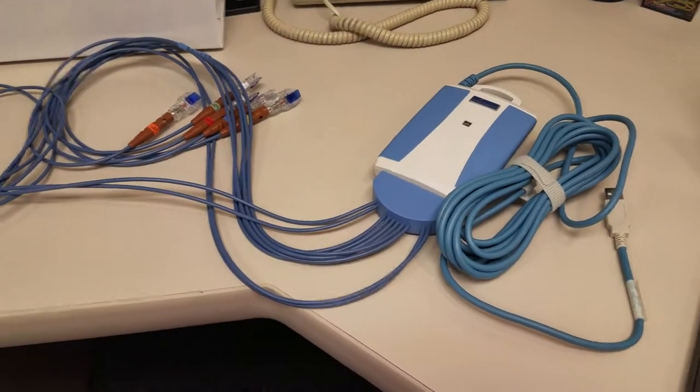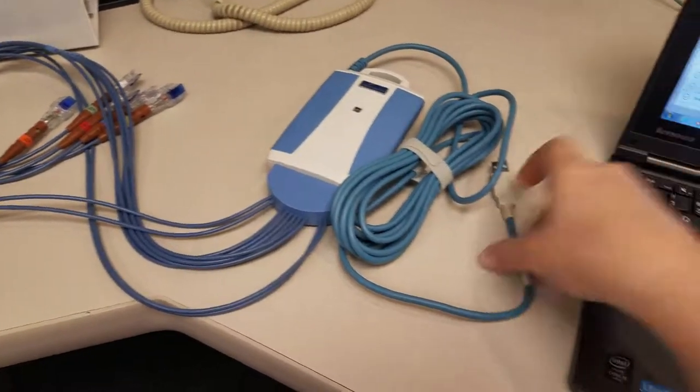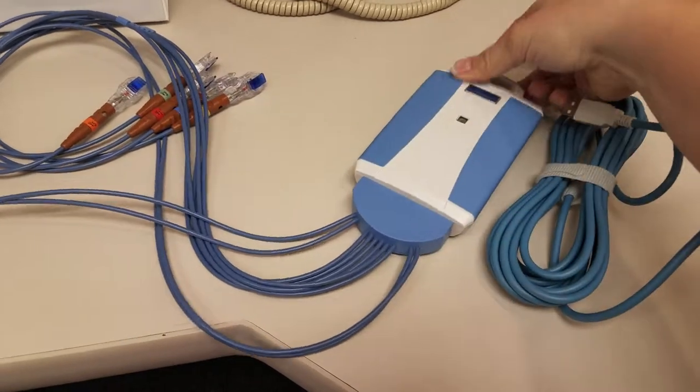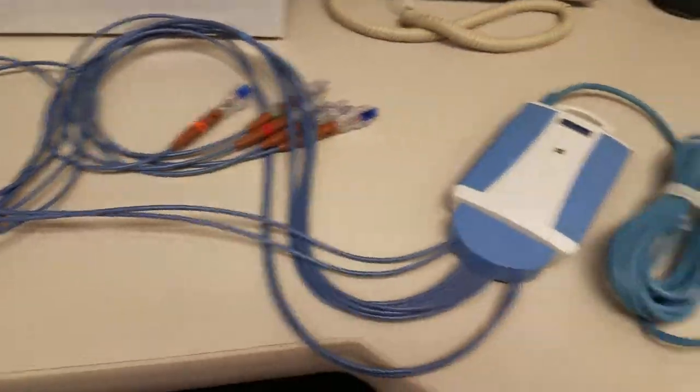Hi guys, this is an overview of our new Midmark EKG machine. It is portable. Here's the base unit and then the probes.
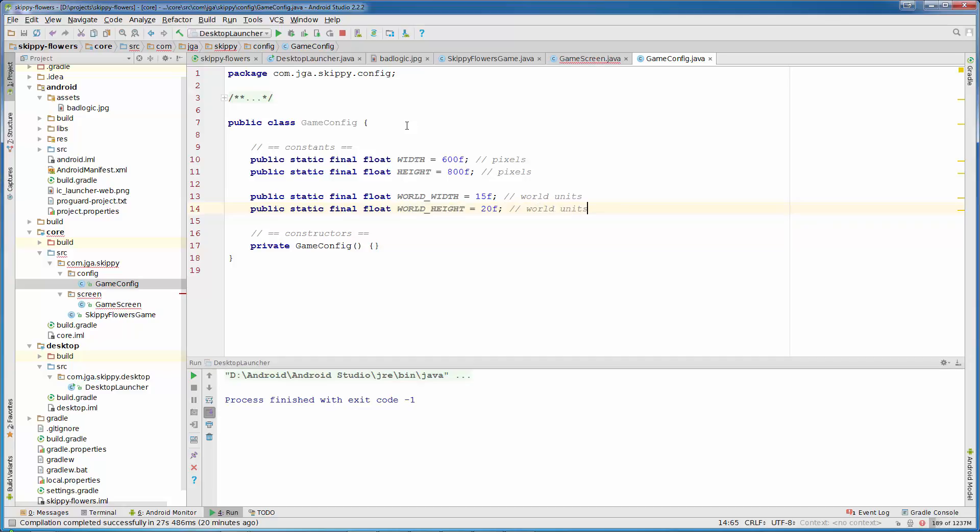Why are we using world units? It is best to use world units because that way we will easily handle multiple screen sizes and we don't need to worry too much about resizing and scaling.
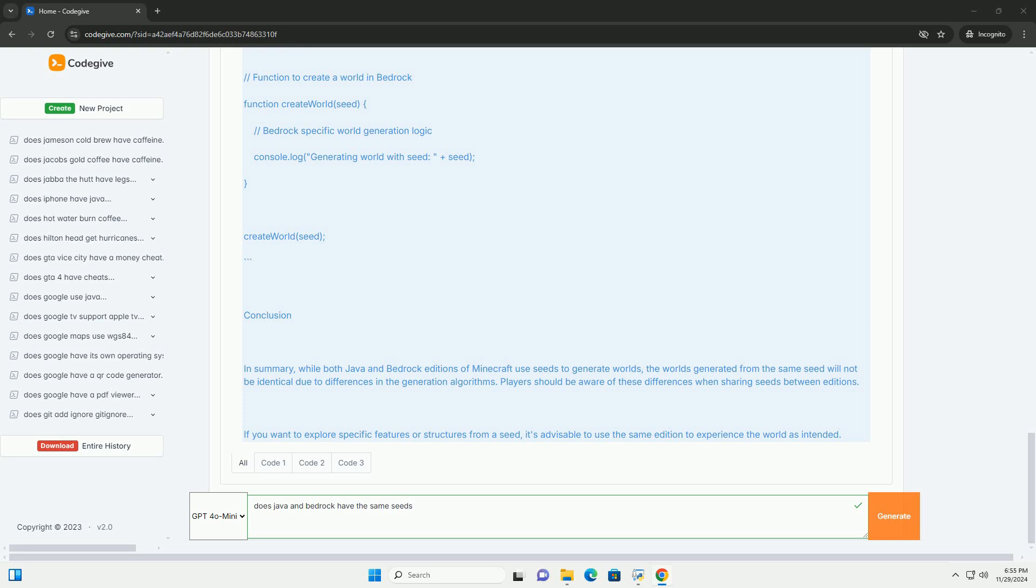Key Differences Between Java and Bedrock Seeds. One: Seed Format. In Java Edition, seeds can be negative or positive integers and are usually represented as a long value. In Bedrock Edition, seeds are also long values but can be negative. However, Bedrock uses a different algorithm for world generation.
····················
**What you will do**
Set the lines down exactly as they stand, from the one containing "Why are we using" through the end of the listing, omitting every picture.

**Written response**
Why are we using world units? It is best to use world units because that way we will easily handle multiple screen sizes and we don't need to worry too much about resizing and scaling.
Key Differences Between Java and Bedrock Seeds. One: Seed Format. In Java Edition, seeds can be negative or positive integers and are usually represented as a long value. In Bedrock Edition, seeds are also long values but can be negative. However, Bedrock uses a different algorithm for world generation.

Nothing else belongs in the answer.